Governor Newsom criticizes Supreme Court open carry decision as ‘shameful’


SACRAMENTO – Governor Gavin Newsom on Thursday criticized the Supreme Court’s ruling on a New York concealed carry law as “reckless” and and “shameful” while promising California would strengthen its existing law.

The 6-3 ruling by the court struck down a New York law that placed strict restrictions on carrying concealed firearms in public for self defense, finding its requirement that applicants seeking a concealed carry license demonstrate a special need for self-defense is unconstitutional.

Newsom initially expressed his feeling on the Supreme Court ruling on his personal Twitter account, posting shortly before 8:30 a.m., calling the ruling “shameful” and saying it was a “dark day in America.”

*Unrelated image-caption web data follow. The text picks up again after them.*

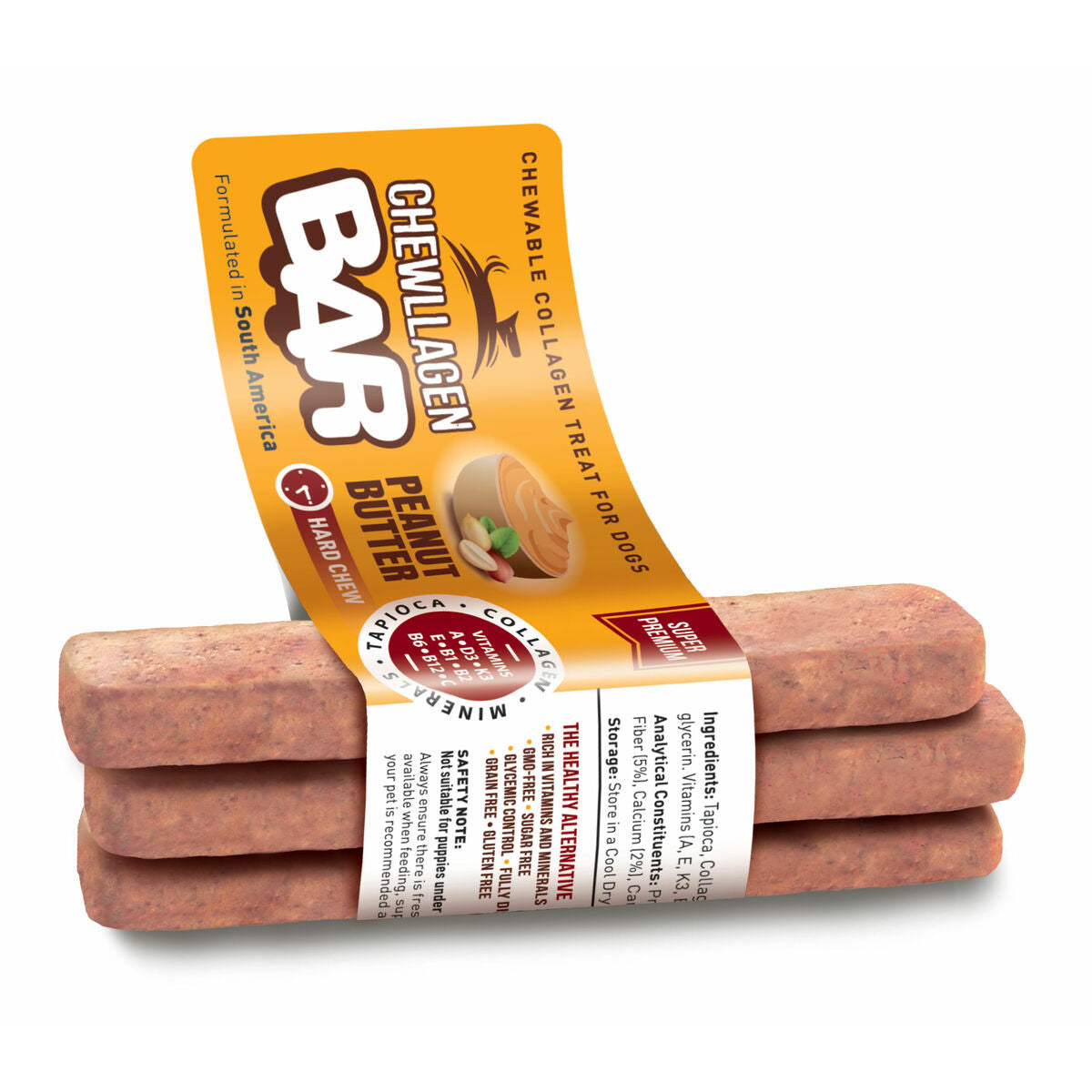 Snack pour chiens Chewllagen Beurre de cacahuètes 72 Pièces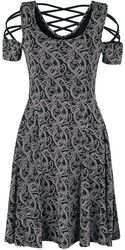 Dress with Lacing and Celtic-Style Print, Black Premium by EMP, Short dress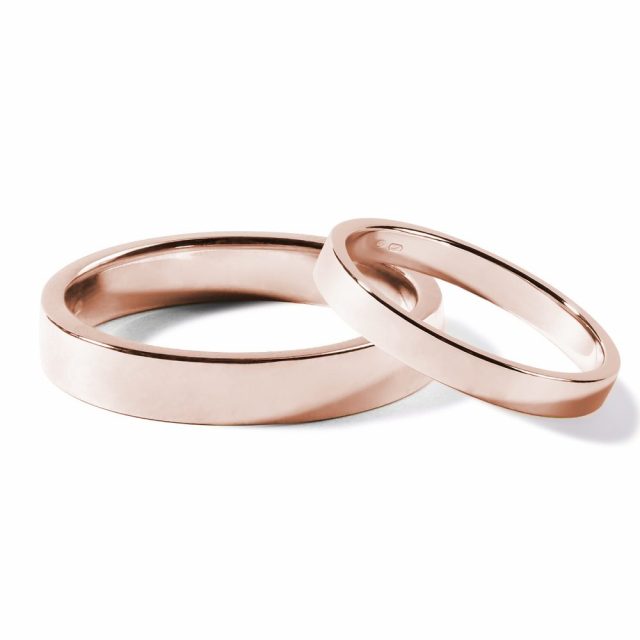 Snubní prsteny z růžového 14k zlata KLENOTA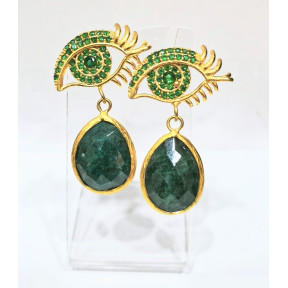 Boucles Apatite Facettée et Swarovski Œil d'Isis Laiton Plaqué Or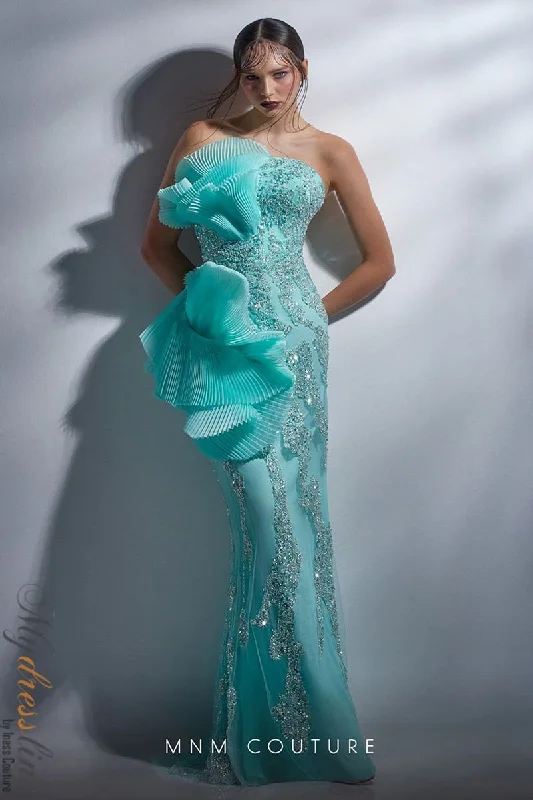 Prom dresses with geometric - cutout sleeves and flowing chiffon fabrics for a modern and airy lookMNM Couture G1287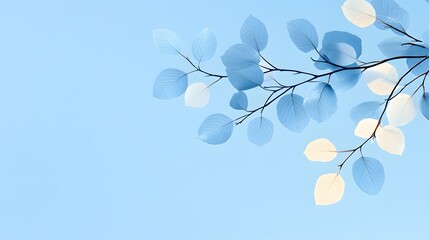 Elegant Blue and White Leaves Against a Soft Blue Background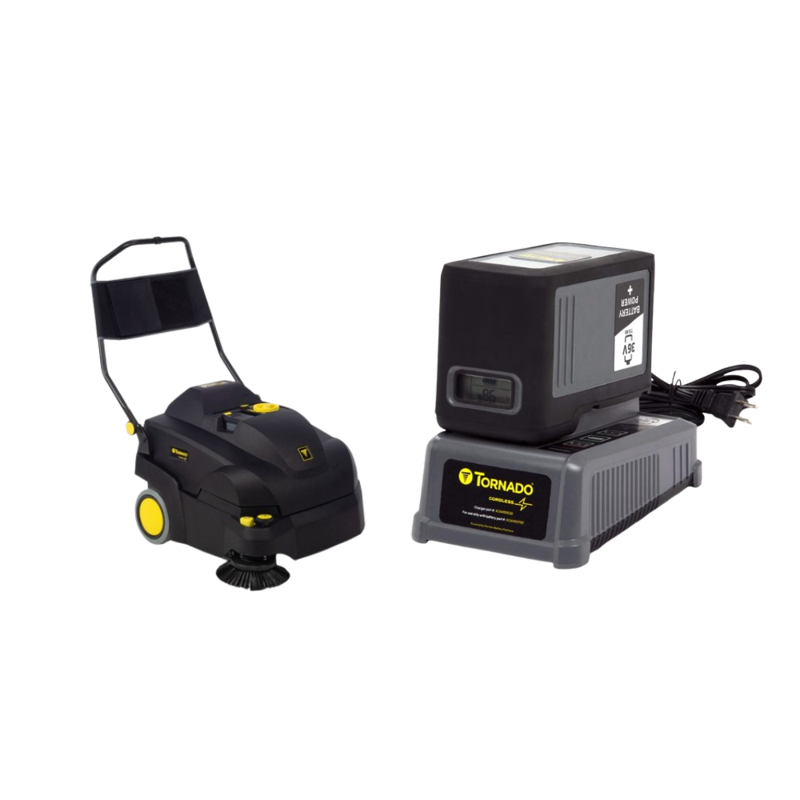 Tornado Tempest Wide Area Carpet Sweeper Vac battery charger bundle black battery gray charger.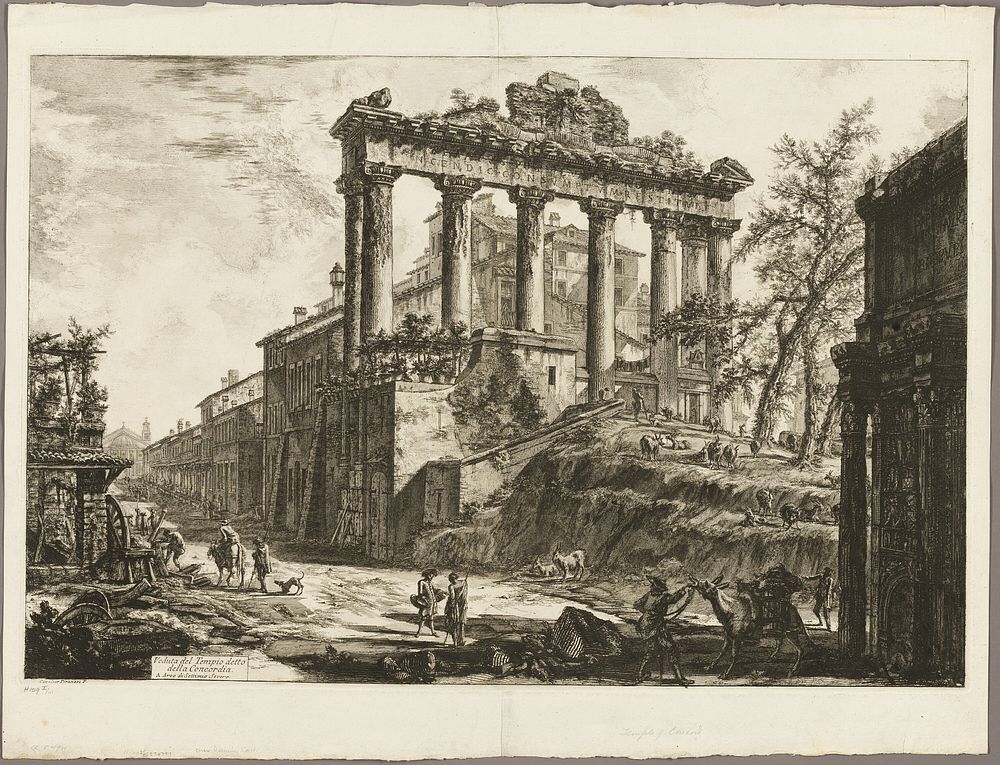 View of the So-Called Temple of Concord, from Views of Rome by Giovanni Battista Piranesi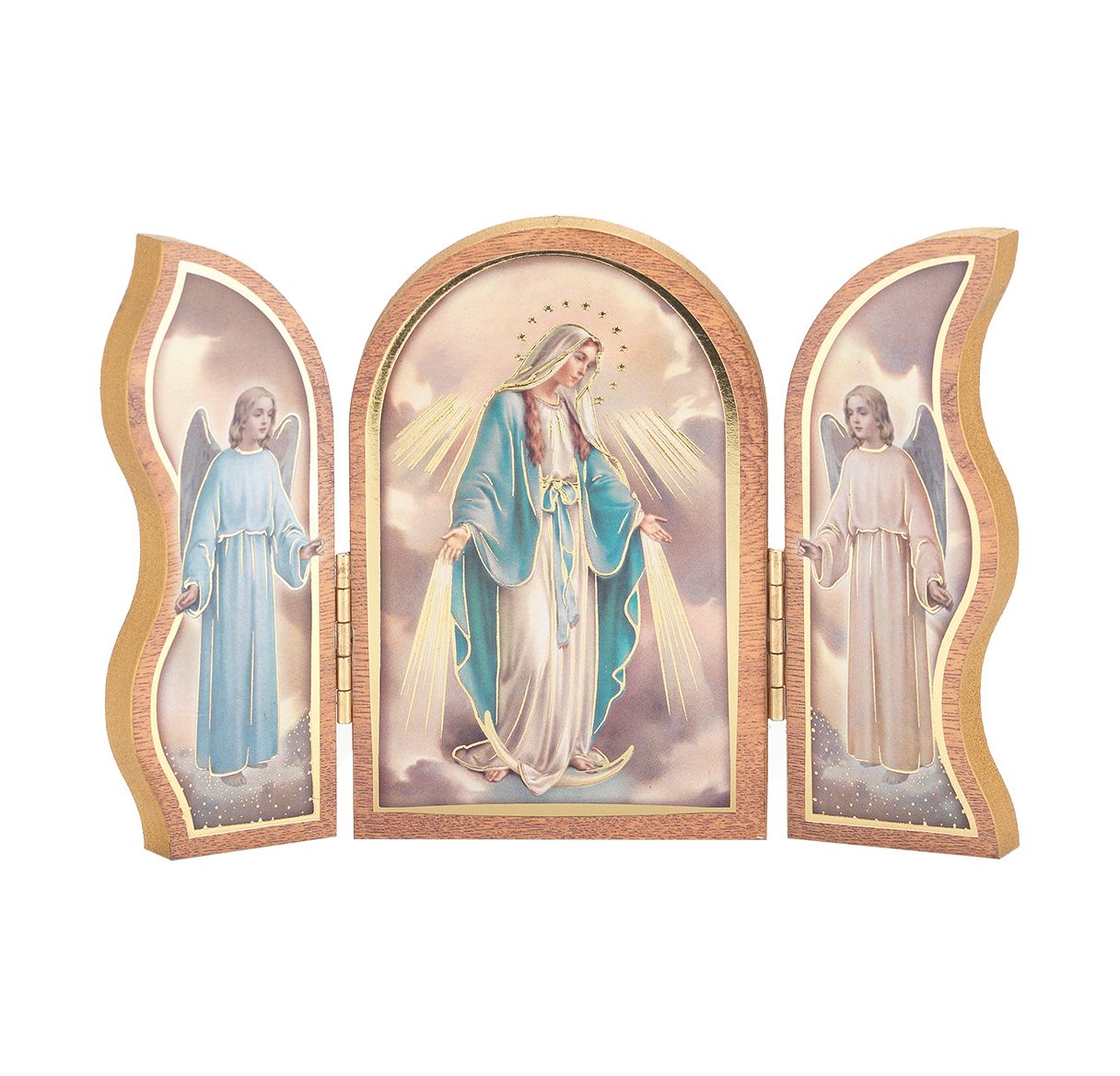 Our Lady of Grace Standing Natural Wood Triptych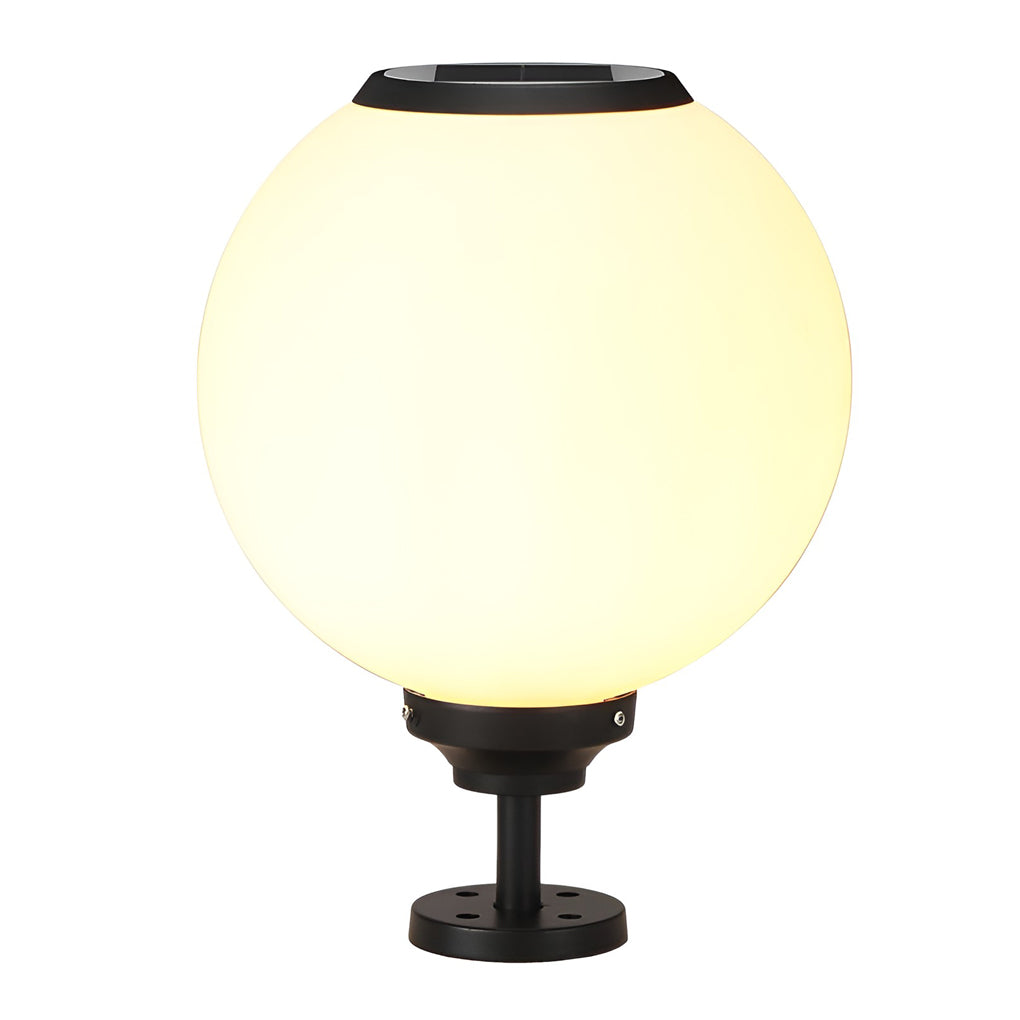 Orbit round solar outdoor pillar light solar panel on top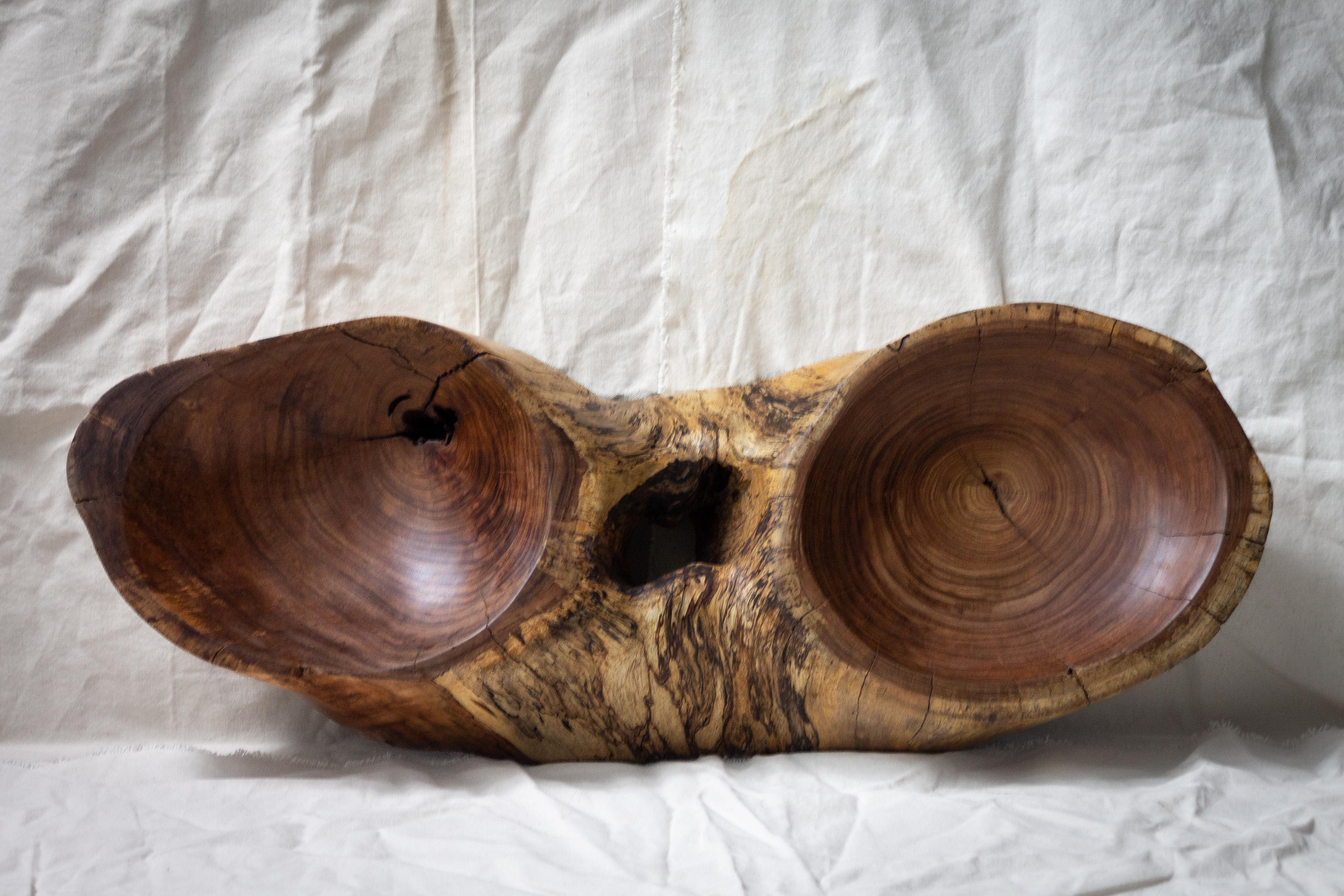 Hand-Carved Exquisite siamese bowl in salvaged tzalam wood  For Sale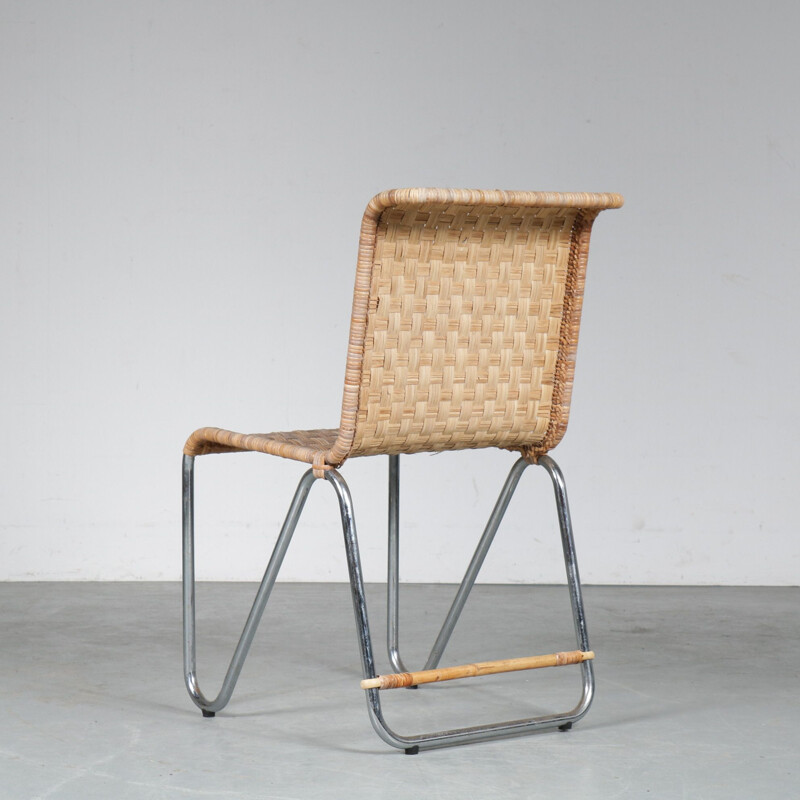 Vintage Side chair model "Diagonal" by Dutch Originals, Netherlands 1930s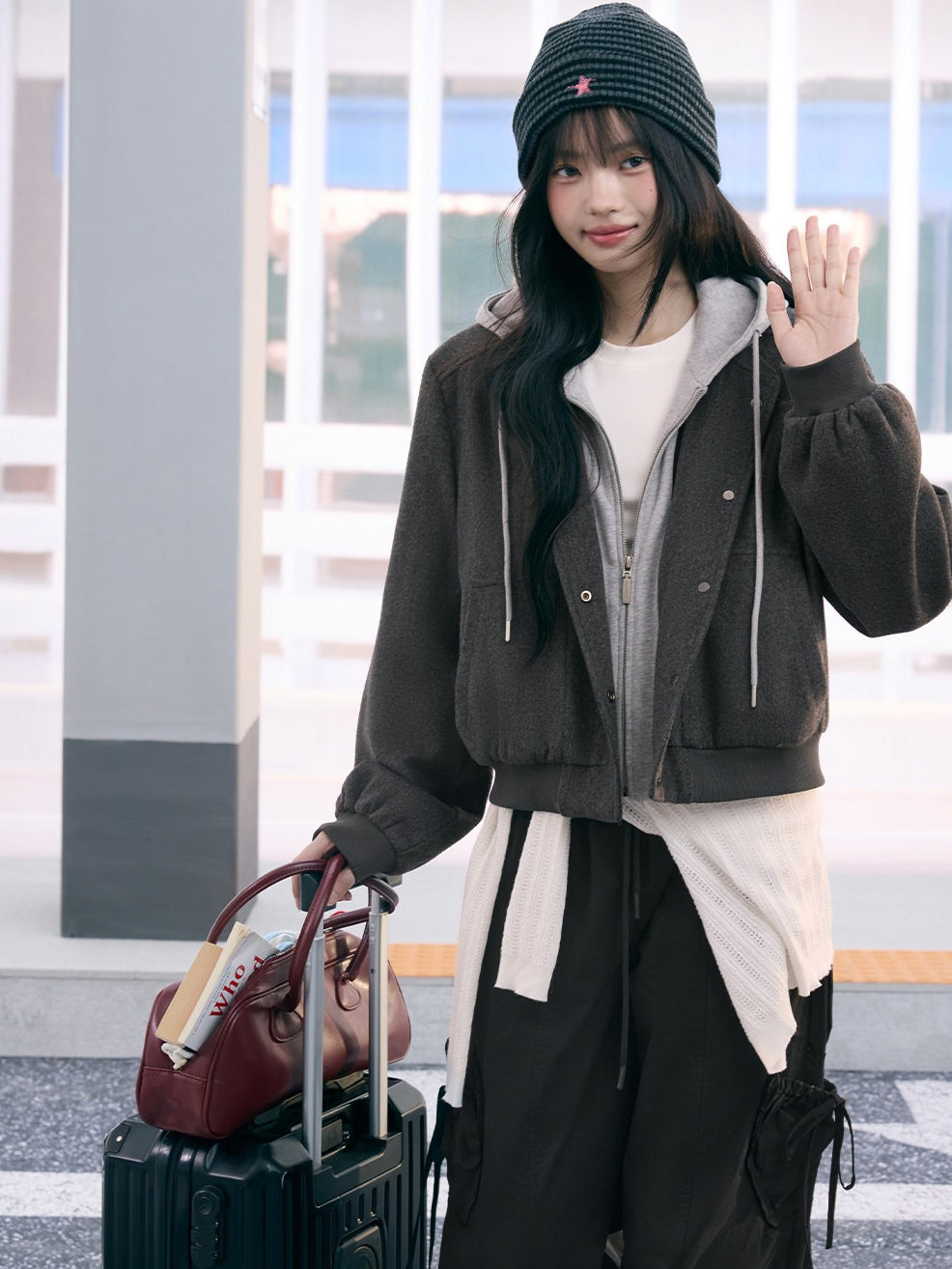 "Terminal Edge" Gray Detachable Layered Hooded Jacket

He also called the ruling “a dangerous decision from a court hell bent on pushing a radical ideological agenda and infringing on the rights of states to protect our citizens from being gunned down in our streets, schools, and churches.”  

The governor’s office later issued a press release stating that Newsom and his administration would do everything they could to make California’s public-carry law stronger.

“While this reckless decision erases a commonsense gun safety law that existed for decades, California anticipated this moment. Our Administration has been working closely with the Attorney General and the legislature for months,” the statement read. “Our state is ready with a bill that will be heard next week to update and strengthen our public-carry law and make it consistent with the Supreme Court ruling, just as Chief Justice Roberts and Justice Kavanaugh said states like California are free to do.”

“But make no mistake: this is a radical decision,” the statement continued. “Today’s Court thinks that gun regulations should be frozen in time, and that if there wasn’t a similar law in existence in the 1700s or 1800s, then a state can’t pass it now, no matter how important it is to protect people from the modern horror of gun violence.”

Newsom said his administration is committed to preserving safety for Californians and noted he had 16 new gun safety bills he was ready to sign, “including a bill that will allow individuals to sue gun makers and distributors for violating certain gun laws.” 

California Attorney General Rob Bonta also was critical of the decision, saying Thursday was “a sad day for our nation and a setback for public safety.”